Your copy must hold every line of the records word for word. It must hold no pictures.

RECORDS FOR THIS TASK START

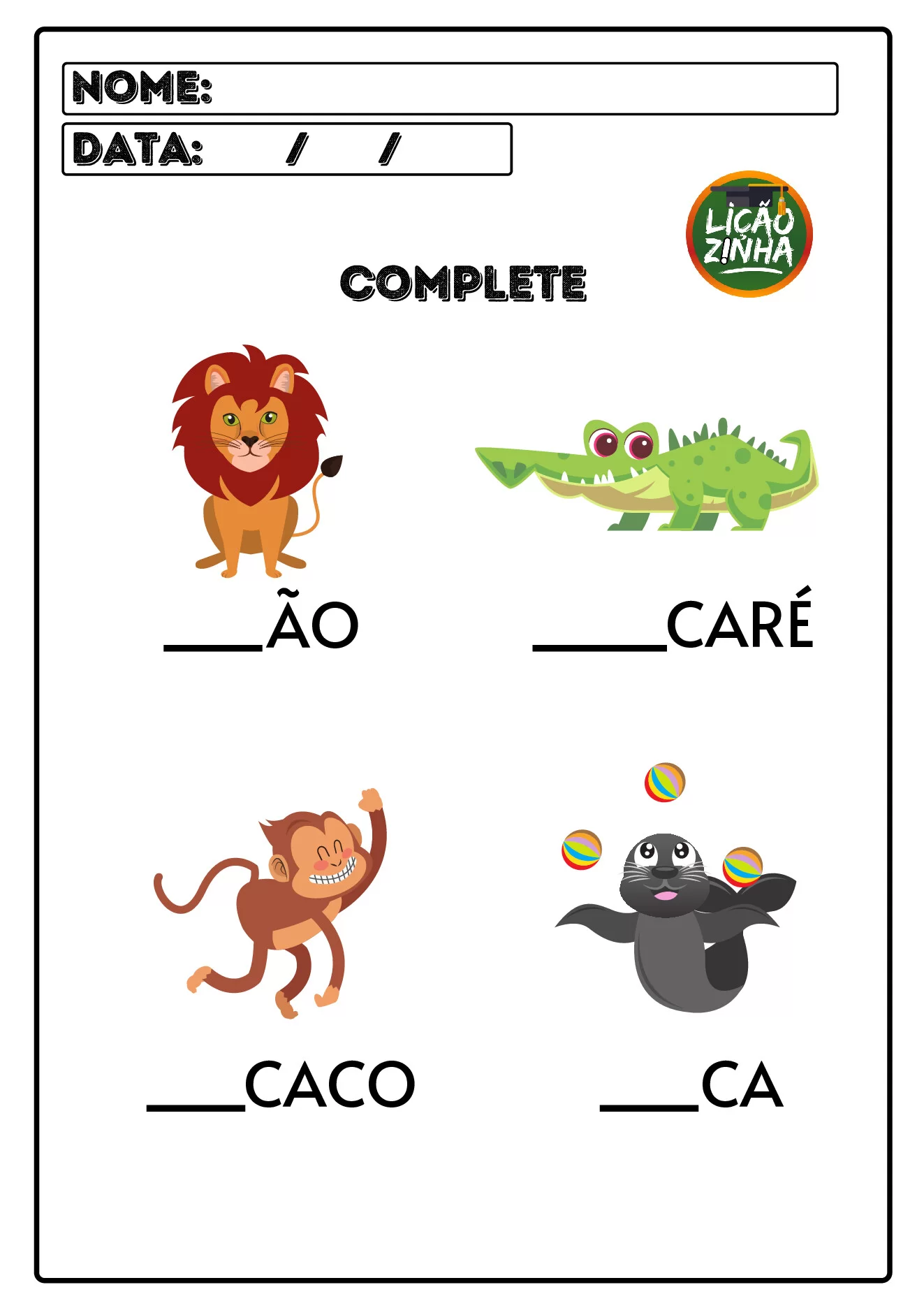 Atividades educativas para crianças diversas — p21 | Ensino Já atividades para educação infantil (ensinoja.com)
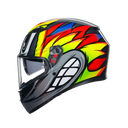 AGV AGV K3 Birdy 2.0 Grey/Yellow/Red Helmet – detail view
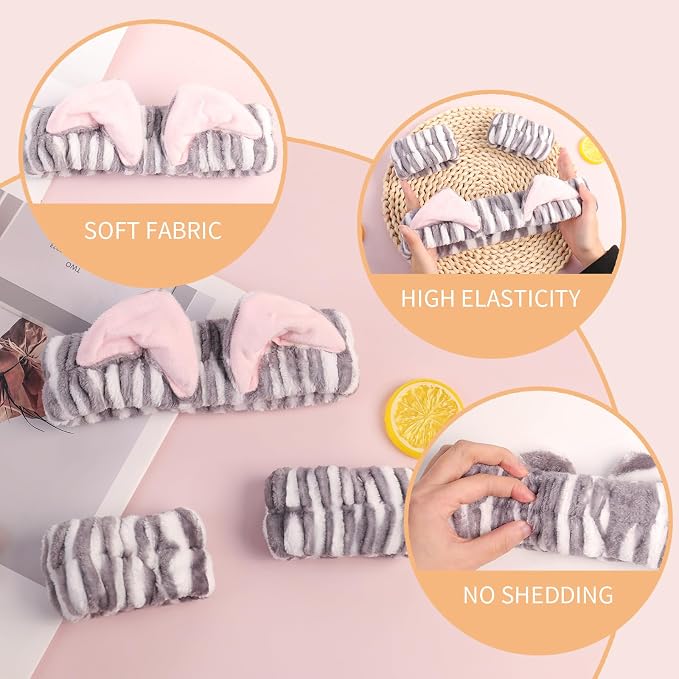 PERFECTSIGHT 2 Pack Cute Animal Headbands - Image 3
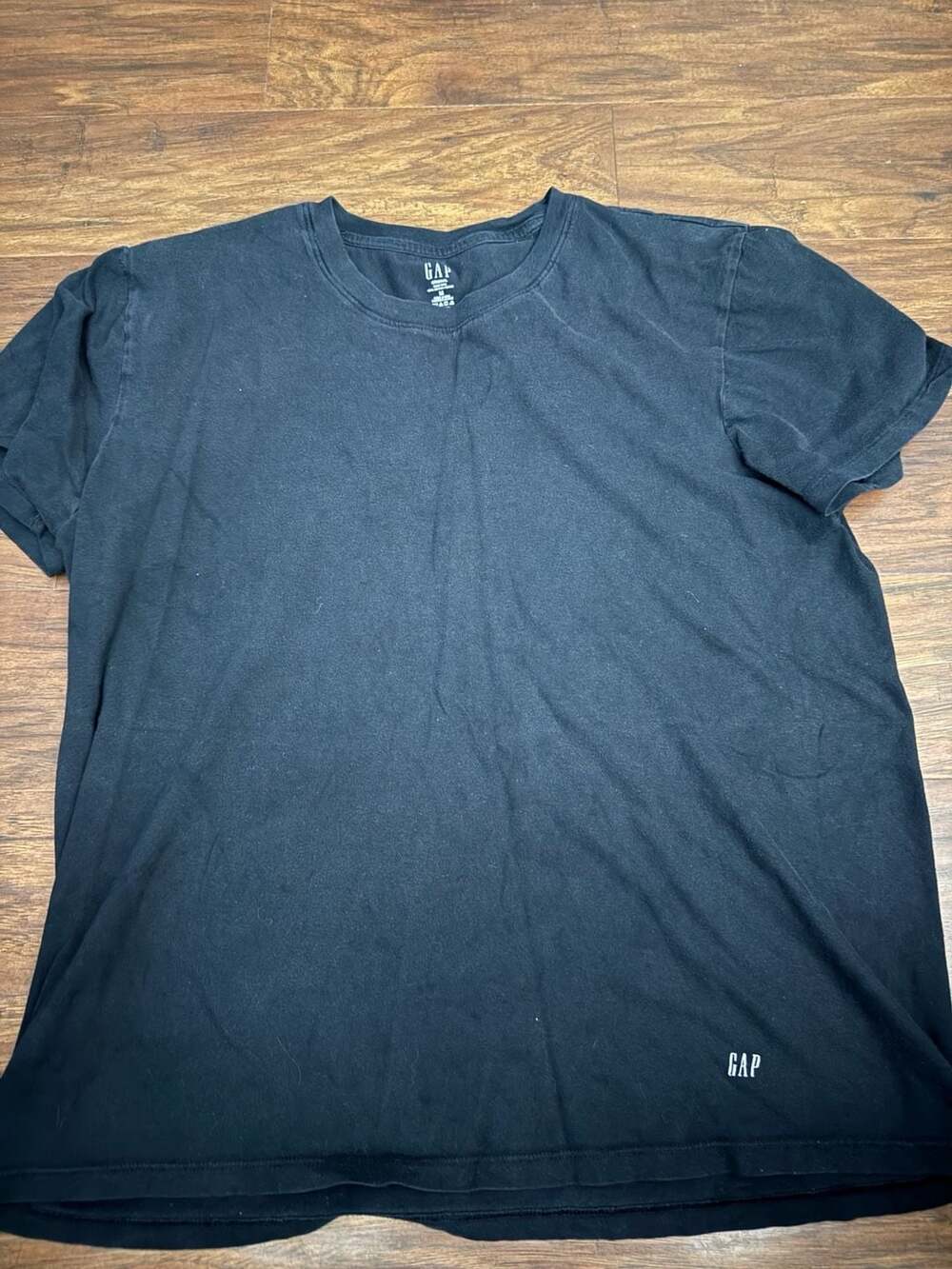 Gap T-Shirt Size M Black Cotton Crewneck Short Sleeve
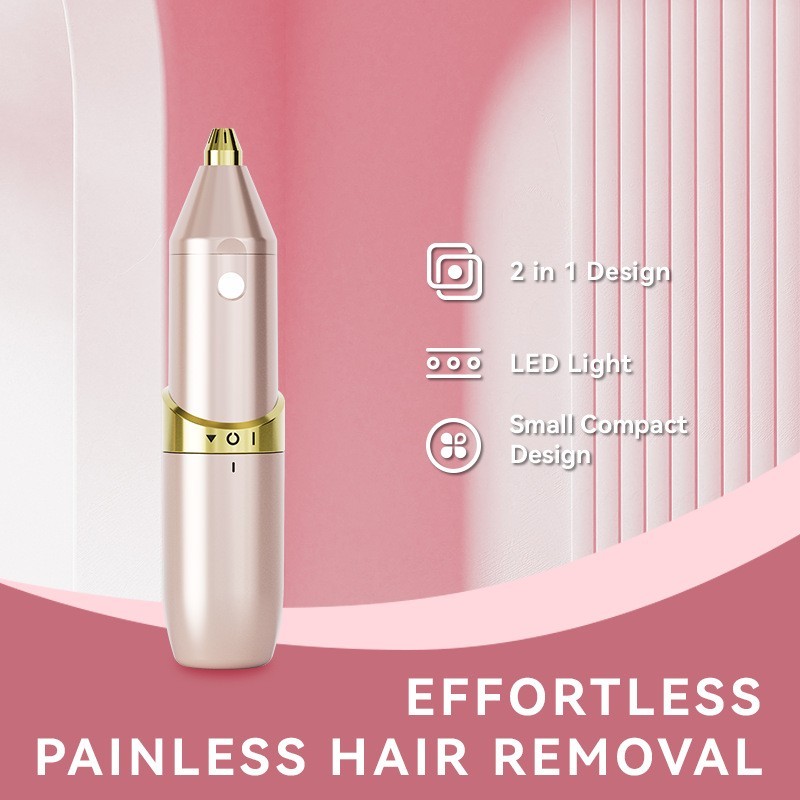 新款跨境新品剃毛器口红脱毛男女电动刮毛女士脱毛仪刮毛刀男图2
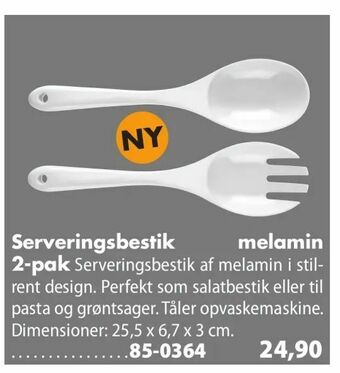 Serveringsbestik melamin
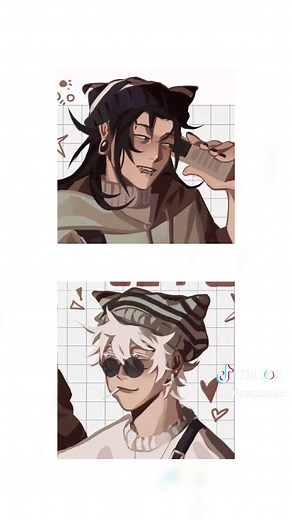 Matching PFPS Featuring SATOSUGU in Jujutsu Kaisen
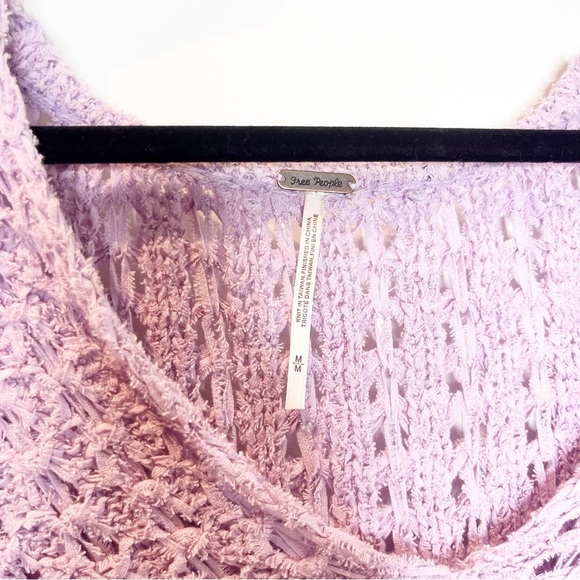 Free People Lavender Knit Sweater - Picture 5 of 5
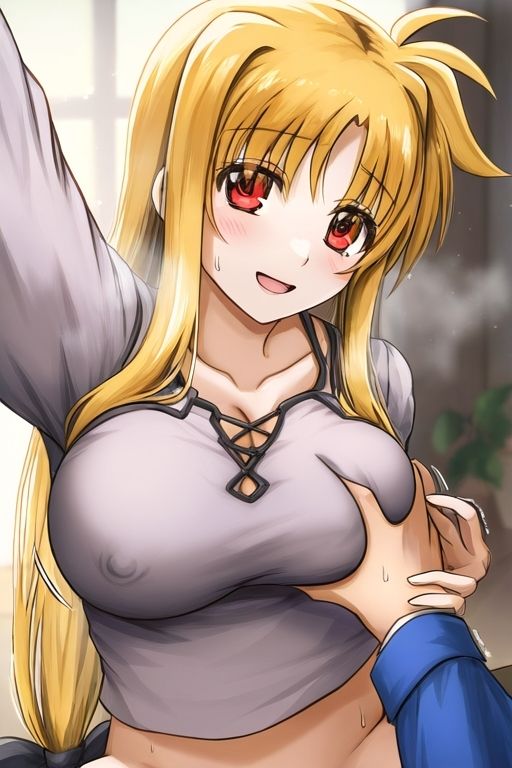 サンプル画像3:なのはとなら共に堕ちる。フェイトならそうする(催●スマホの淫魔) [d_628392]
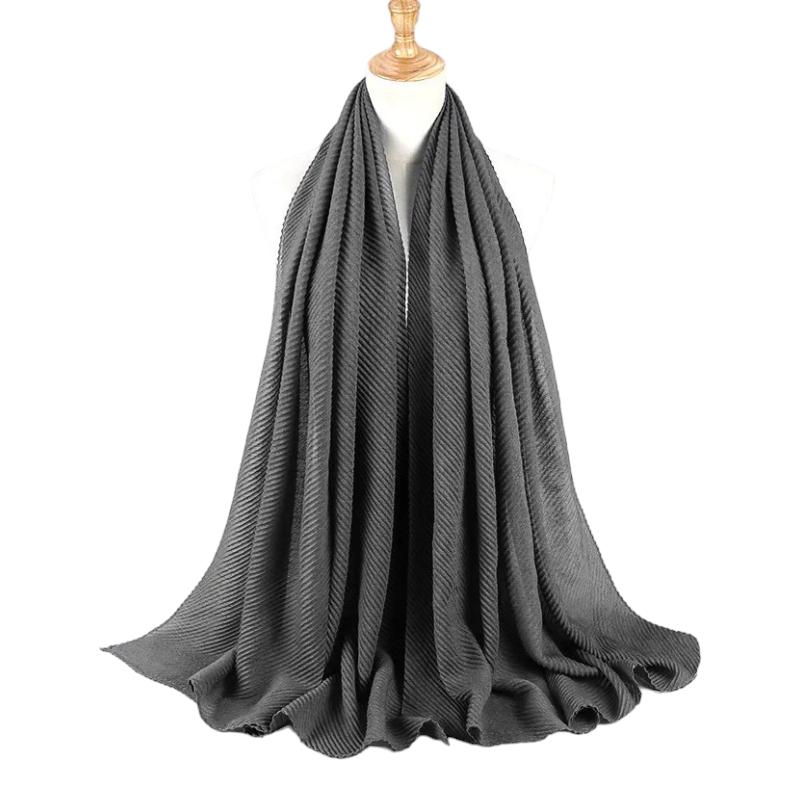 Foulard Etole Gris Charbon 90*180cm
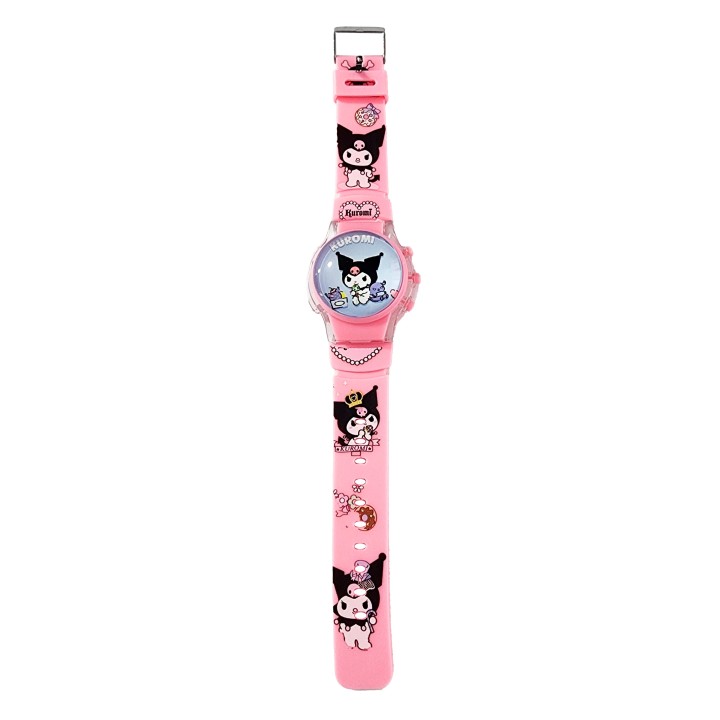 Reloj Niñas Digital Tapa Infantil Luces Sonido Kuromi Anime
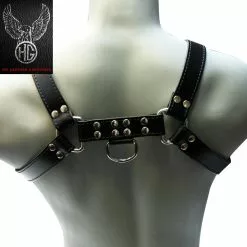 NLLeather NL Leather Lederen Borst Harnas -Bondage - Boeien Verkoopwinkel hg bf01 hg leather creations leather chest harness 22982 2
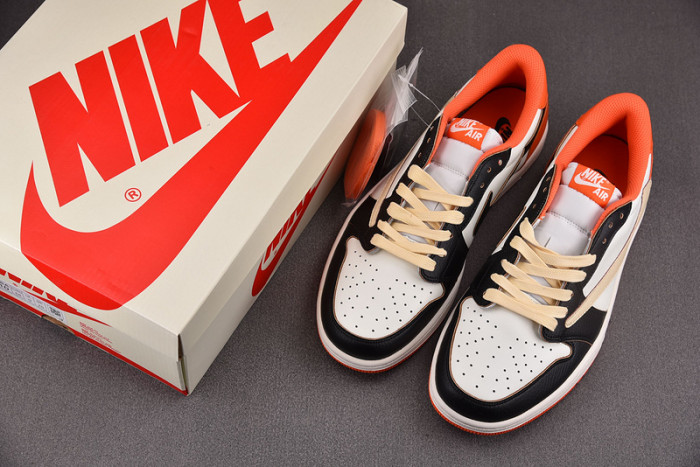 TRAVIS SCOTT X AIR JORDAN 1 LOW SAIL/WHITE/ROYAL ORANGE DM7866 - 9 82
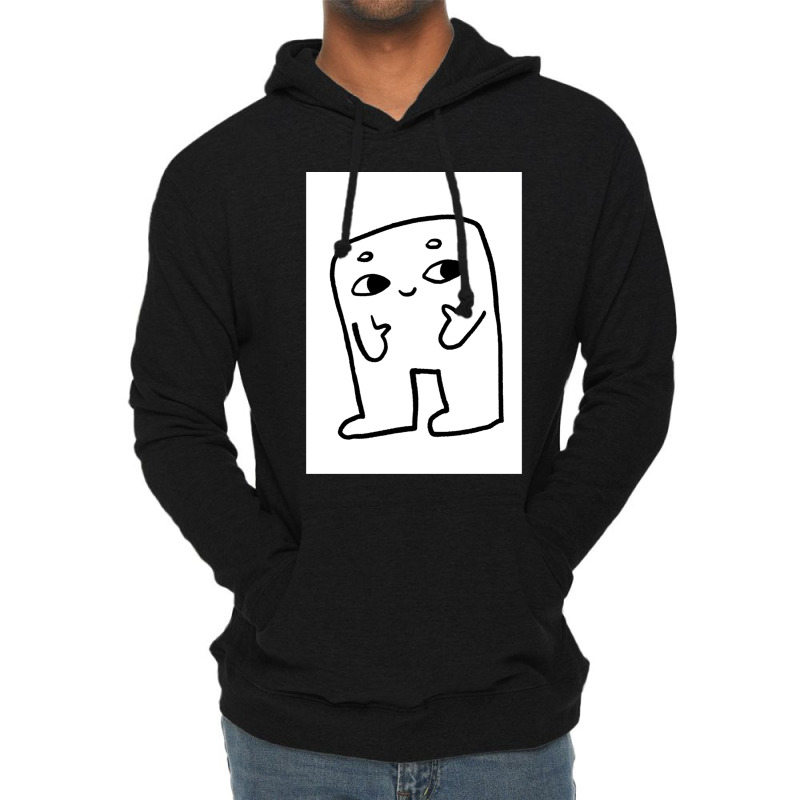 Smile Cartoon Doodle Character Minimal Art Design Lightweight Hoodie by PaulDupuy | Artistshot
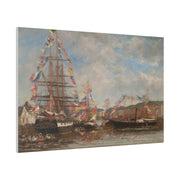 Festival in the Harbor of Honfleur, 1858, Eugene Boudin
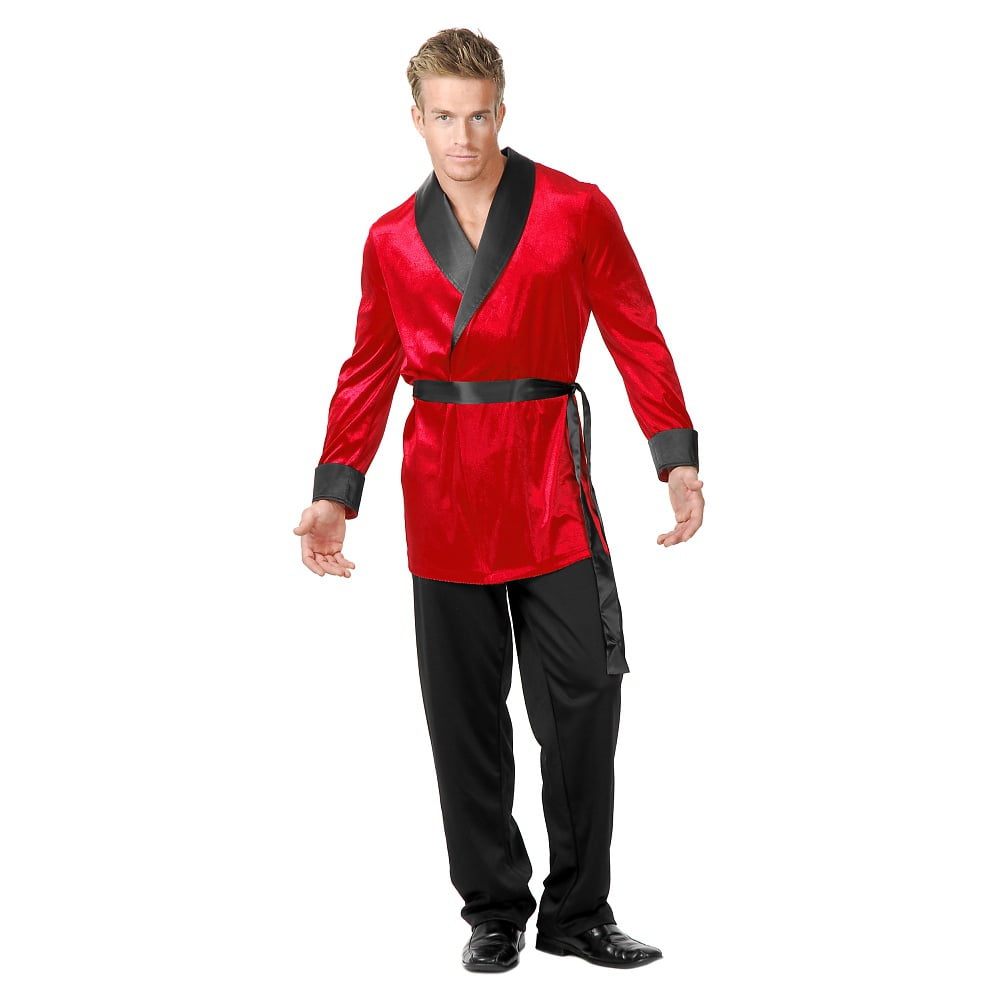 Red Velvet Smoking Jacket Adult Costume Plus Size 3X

RECORDS FOR THIS TASK END

[SOLUTION]:
 Atividades educativas para crianças diversas — p21 | Ensino Já atividades para educação infantil (ensinoja.com)
 AGV AGV K3 Birdy 2.0 Grey/Yellow/Red Helmet – detail view
 PERFECTSIGHT 2 Pack Cute Animal Headbands - Image 3
 Gap T-Shirt Size M Black Cotton Crewneck Short Sleeve
 新款跨境新品剃毛器口红脱毛男女电动刮毛女士脱毛仪刮毛刀男图2
 Serveringsbestik melamin
 Matching PFPS Featuring SATOSUGU in Jujutsu Kaisen
 Free People Lavender Knit Sweater - Picture 5 of 5
 サンプル画像3:なのはとなら共に堕ちる。フェイトならそうする(催●スマホの淫魔) [d_628392]
 Foulard Etole Gris Charbon 90*180cm
 Reloj Niñas Digital Tapa Infantil Luces Sonido Kuromi Anime
 NLLeather NL Leather Lederen Borst Harnas -Bondage - Boeien Verkoopwinkel hg bf01 hg leather creations leather chest harness 22982 2
 TRAVIS SCOTT X AIR JORDAN 1 LOW SAIL/WHITE/ROYAL ORANGE DM7866 - 9 82
 Smile Cartoon Doodle Character Minimal Art Design Lightweight Hoodie by PaulDupuy | Artistshot
 Festival in the Harbor of Honfleur, 1858, Eugene Boudin
 Red Velvet Smoking Jacket Adult Costume Plus Size 3X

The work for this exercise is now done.